*EXERCISE GOAL:*
Print out the data that follows exactly, character for character, apart from the pictures.

*THE DATA:*
+-------+
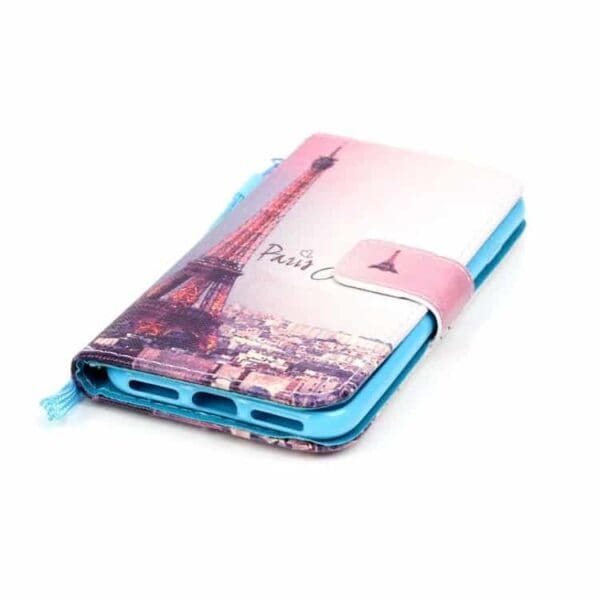 Iphone 7 - Pu Læder Cover Med Stand - Paris Eiffel Tårn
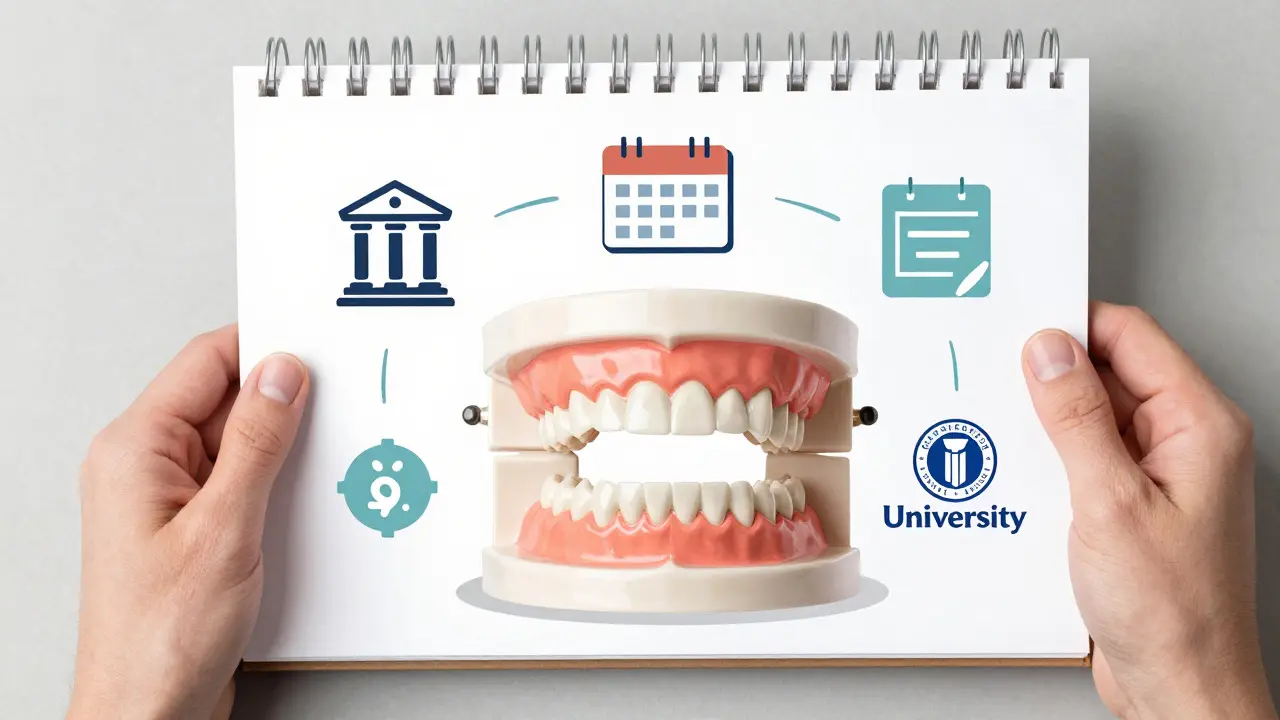 Ilustrace s ikonami různých možností financování keramických fazet: úvěr, splátky, daňová sleva a univerzitní klinika.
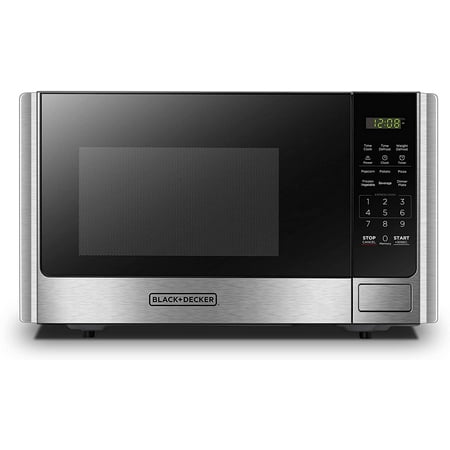 BLACK+DECKER Digital Microwave Oven with Turntable Push-Button Door, Child Safety Lock, Stainless Steel, 0.9 Cu.ft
+-------+
*TASK RESULT:*
 Iphone 7 - Pu Læder Cover Med Stand - Paris Eiffel Tårn
 Ilustrace s ikonami různých možností financování keramických fazet: úvěr, splátky, daňová sleva a univerzitní klinika.
 BLACK+DECKER Digital Microwave Oven with Turntable Push-Button Door, Child Safety Lock, Stainless Steel, 0.9 Cu.ft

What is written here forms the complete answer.